### Task to complete
For the data below, transcribe the part that opens with the line containing "Agave chrysantha, photographed" and closes with the line containing "в мире птиц: Волнистые", exactly and with no pictures.

### Records supplied
....................

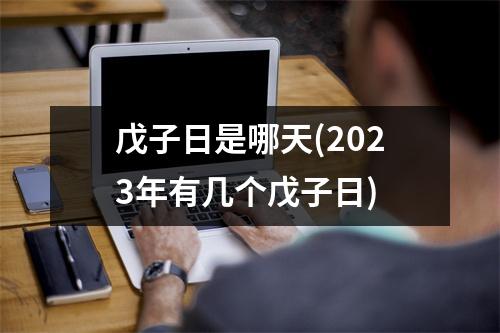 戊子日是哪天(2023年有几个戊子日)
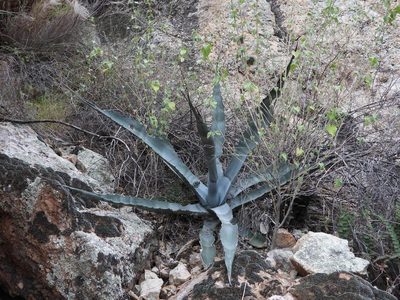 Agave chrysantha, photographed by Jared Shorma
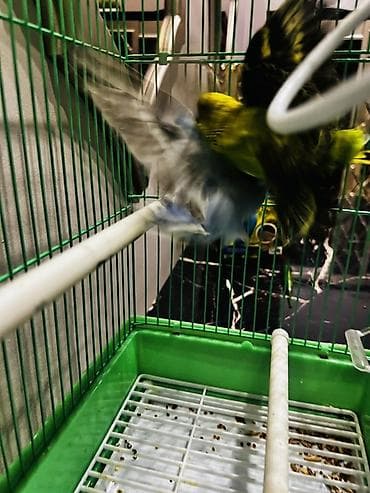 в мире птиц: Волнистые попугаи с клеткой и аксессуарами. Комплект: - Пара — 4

....................

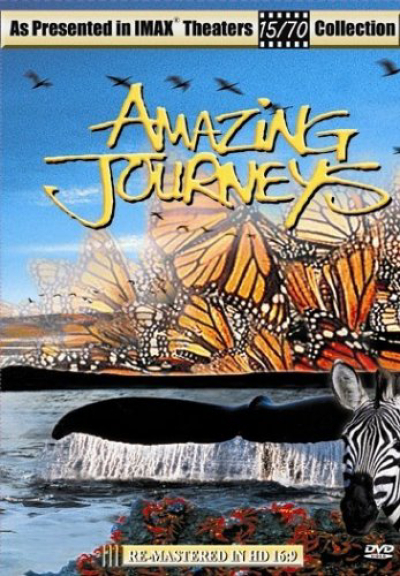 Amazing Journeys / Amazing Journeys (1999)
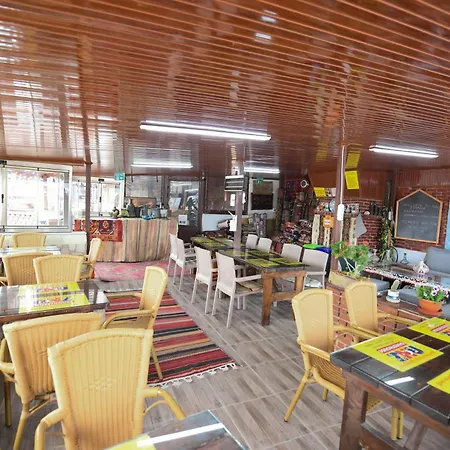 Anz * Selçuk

....................

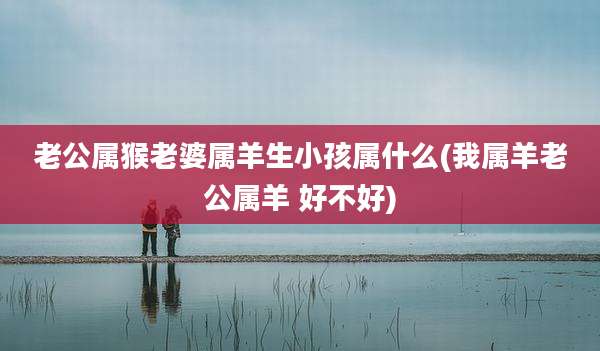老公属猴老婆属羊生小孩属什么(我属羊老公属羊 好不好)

....................

### Result of the task
 Agave chrysantha, photographed by Jared Shorma
 в мире птиц: Волнистые попугаи с клеткой и аксессуарами. Комплект: - Пара — 4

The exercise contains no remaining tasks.